Brasília – O Ministério das Relações Exteriores protocolou nesta segunda-feira (18) a resposta oficial do governo brasileiro à investigação aberta pelo Escritório do Representante Comercial dos Estados Unidos (USTR) sob a Seção 301 da Lei de Comércio norte-americana de 1974.
Principais pontos do documento
No texto, o Itamaraty sustenta que o Brasil não adota políticas “discriminatórias, injustificáveis ou restritivas” contra produtos e empresas dos EUA. O governo afirma não existir base jurídica ou factual para sanções e solicita “diálogo construtivo” para solucionar divergências.
A investigação foi iniciada em julho, a pedido da Casa Branca, com alegações de prejuízos a companhias norte-americanas nos seguintes temas:
- sistema de pagamentos instantâneos Pix;
- políticas de etanol;
- propriedade intelectual;
- regras ambientais relacionadas ao desmatamento.
Defesa ponto a ponto
Pix – Segundo o governo, as normas visam segurança, estabilidade e proteção ao consumidor, sem restringir a participação de empresas estrangeiras. O texto cita ainda a adesão de mais de 900 prestadores de serviço e o crescimento de 25 % ao mês na iniciação de pagamentos por terceiros, com destaque para o Google Pay, que processou 1,5 milhão de transações no último mês.
Propriedade intelectual – O Brasil diz cumprir acordos da Organização Mundial do Comércio (OMC) e manter regulamentos alinhados aos padrões internacionais.
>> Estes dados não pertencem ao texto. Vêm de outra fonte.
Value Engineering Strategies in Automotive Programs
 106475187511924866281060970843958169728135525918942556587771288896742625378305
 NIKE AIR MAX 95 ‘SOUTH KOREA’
Etanol – A resposta ressalta que as políticas adotadas são compatíveis com compromissos multilaterais e lembra que o país aplica tarifa zero a produtos aeronáuticos, como referência de abertura comercial.
Meio ambiente – O Itamaraty afirma que a política ambiental brasileira não constitui barreira comercial nem limita a competitividade de empresas norte-americanas.
Decisões do STF
O governo sustenta que nenhuma decisão do Supremo Tribunal Federal gera tratamento discriminatório contra empresas dos EUA. Segundo o documento, multas e medidas coercitivas são práticas comuns em Estados de Direito, inclusive nos Estados Unidos.
Imagem: g1.globo.com
Posicionamento de entidades
A Confederação Nacional da Indústria (CNI) e a Embraer enviaram manifestações separadas ao USTR. A CNI defendeu o diálogo bilateral; a Embraer lembrou que um terço dos voos no Aeroporto Nacional Ronald Reagan, em Washington, é realizado com aeronaves da empresa brasileira e classificou possíveis tarifas como contrárias aos interesses norte-americanos.
Próximos passos
A investigação segue em análise. Uma audiência pública está marcada para 3 de setembro, quando governo, empresas e entidades poderão apresentar novos argumentos.
Mais detalhes sobre os procedimentos de investigação comercial podem ser encontrados no site da Organização Mundial do Comércio (OMC).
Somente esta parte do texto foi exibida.